The constitutional sympathies, or the symptoms in the milder and regular variety of the disease, are not of any great violence or intensity. The premonitory pains, diminishing or disappearing, after the coming out of the eruption, leave in their place a regular fever. The action of the heart and capillaries is hurried during the papular and vesicular stages; but becomes more equable while maturation is going on. During the former period, the loaded and not unfrequently furred tongue evidences disordered stomach, the cravings of which are for cold drinks. The somewhat laborious respiration may, in some cases, depend on the swelling and soreness of the fauces and pharynx; in others, on the eruption extending along the lining membrane of the larynx; whilst in others, it may be caused by bronchial engorgement.

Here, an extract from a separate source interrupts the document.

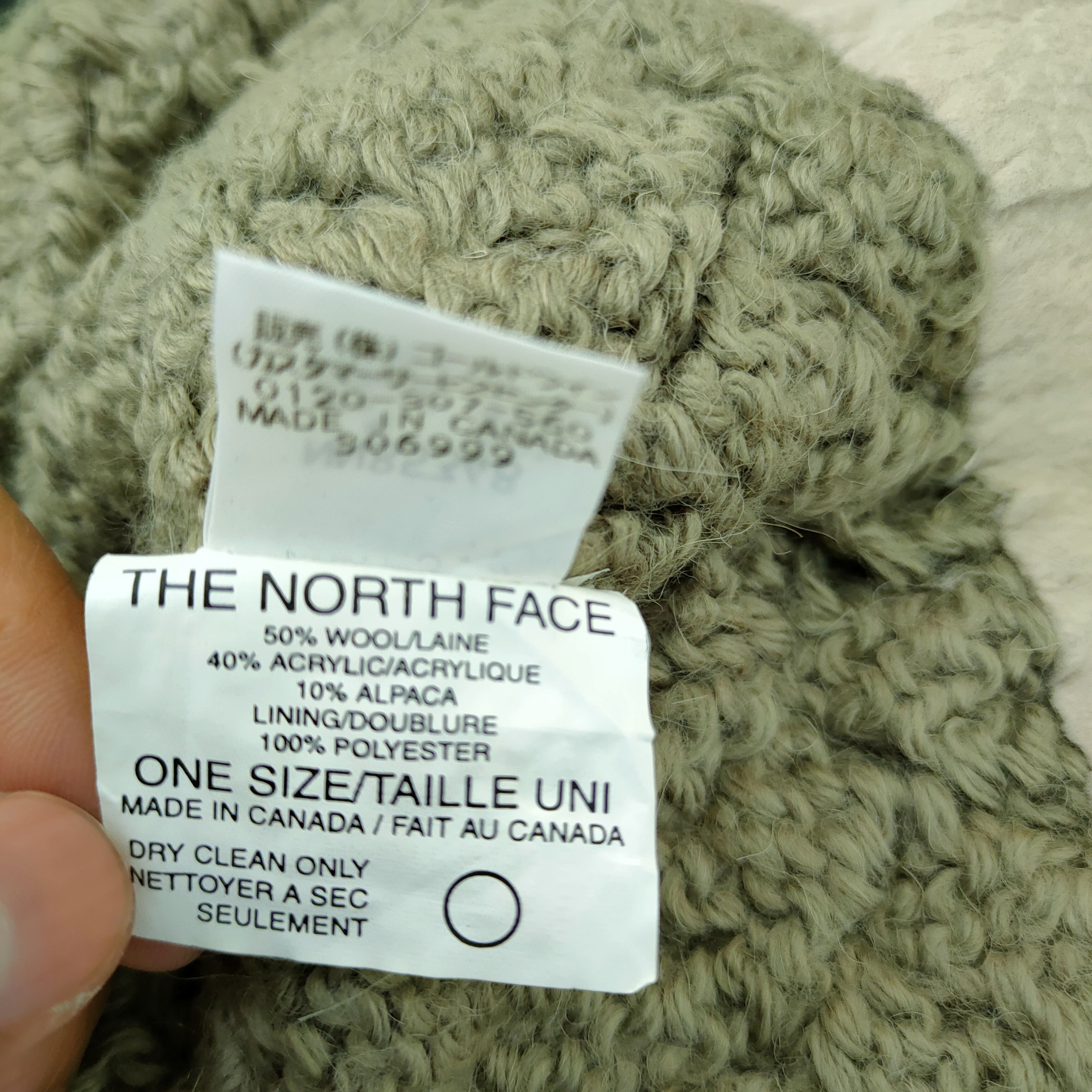 The North Face THE NORTH FACE KNIT WOOL BEANIE HAT Size ONE SIZE - 5 Thumbnail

The febrile symptoms, which abate during the process of maturation, are apt to return during desiccation; and when the skin begins to desquamate, they then constitute what is called secondary fever. The skin which had suffered so much, occasionally exhibits at this time an erysipelatous blush, accompanied by an inflammation of the subjacent cellular tissue, and the formation of troublesome boils, or infiltration of serum, especially where there is much laxity of structure, as in the eyelids, cheeks, lips, &c. The cutaneous system, during and immediately after the removal of its cuticle, and much of its rete mucosum, is of course very sensible, as well to the impression of clothes as to atmospherical extremes, and particularly cold. This is with many a critical time. It not unfrequently happened that persons, who had passed through the different stages of the disease, and were advancing rapidly to convalescence, were suddenly seized with an affection of the chest, pleurisy, bronchitis or pneumonia, and speedily carried off by the violence of the inflammation. The skin, exquisitely sensible in its denuded state to atmospherical vicissitudes, transmits with great promptness the morbid impression to the lungs, already prone to take on disease, in consequence of the active part they are compelled to play during the eruptive fever.

The anomalous varieties, if we can admit any standard form of the disease, were numerous. Those which most fixed our attention were the confluent, the roseate, the tuberculous, and the erysipelatous.